ZAHN: General Shepperd, let's talk a little bit about the human intelligence that we have been told led to this raid. There's been a lot of skepticism about it and a lot of criticism of what people consider downright false intelligence leading up to this war with Iraq.

What does this tell us?

SHEPPERD: Yes, human intelligence is always tough. It's been especially tough in Iraq, where we have a dearth, if you will, of Iraqi experts over there working with us, especially in 35 years of a regime that's kept its thumb on everything in that country. Basically, when we were over there, we were told intelligence is getting better everyday. Our problem is not the volume, it's sorting the good from the bad. And some of it is intentionally false to draw us into traps.

So they were able in this particular case to act on two reports, one of which was off and one of which was on. So it's an indication that intelligence, in this case, worked, Paula. But there's plenty of work still to be done all around Iraq.

ZAHN: Tory, one of the first images most Americans caught of Saddam Hussein was the really pathetic-looking picture of him being physically examined by a U.S. official.

Is it true the Pentagon actually had a heated debate about whether to go public with that image?

CLARKE: I don't know if I'd call it a debate, but there was a lot of consideration given to the pros and cons of releasing photographs and videos of Saddam Hussein.

Our government, as it should, for a long time has had a very clear practice of not holding up detainees and POWs to any kind of public ridicule or criticism.

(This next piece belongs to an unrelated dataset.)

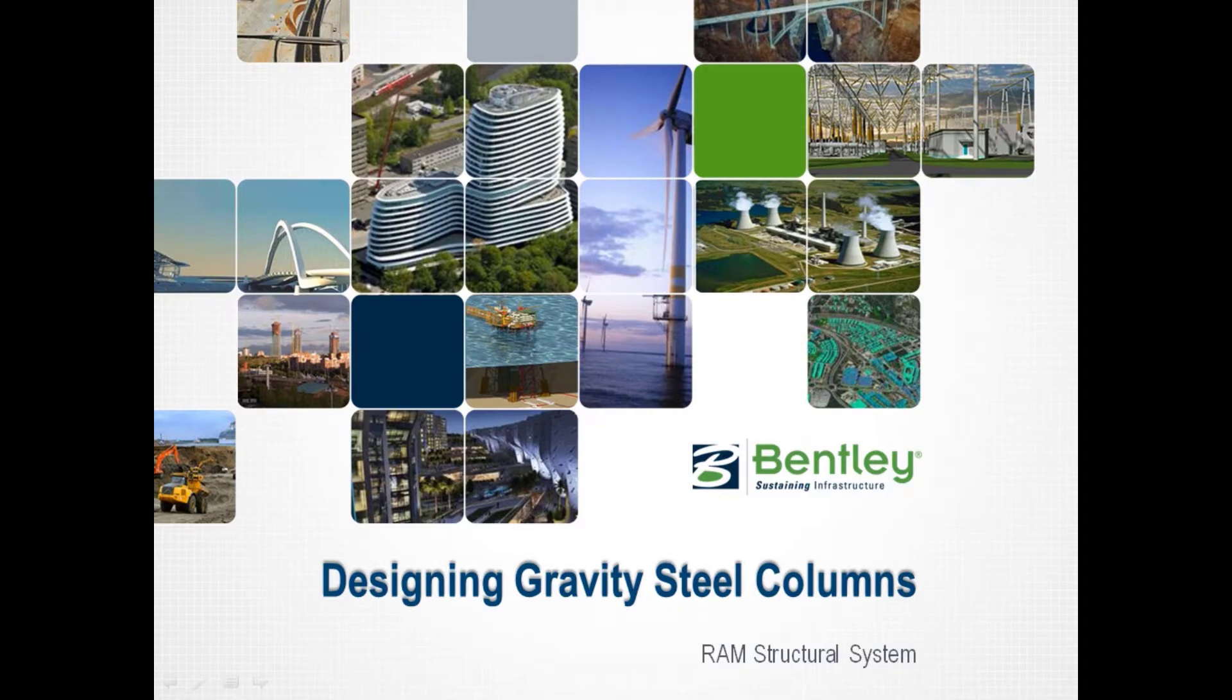Welcome to the Bentley Systems training course to learn how to design gravity steel columns in the RAM Structural System RAM Steel Column Design Module.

I mean, people have been reprimanded for doing something in which we thought they mistreated POWs, for instance.

And we also know - they also know, that there will be some people in the Arab world who say that's exactly what you're doing, holding him up to ridicule.

But it was so important to demonstrate to the Iraqi people and to the world that they have Saddam Hussein, it was so important to demonstrate that he was being treated very, very appropriately and very carefully, that that outweighed the concerns. So a lot of consideration and a lot of thought went into that, saying, if and when we get him, what will we do with the images that we have?

ZAHN: Victoria Clarke, Simon Henderson and General Don Shepperd, thanks to our trio tonight.

CLARKE: Thanks, Paula.

ZAHN: And does the fact that Saddam Hussein is caught make it easier for U.S. troops to get out of Iraq on a new timetable? We'll be talking about that live with former Assistant Secretary of State Richard Holbrooke.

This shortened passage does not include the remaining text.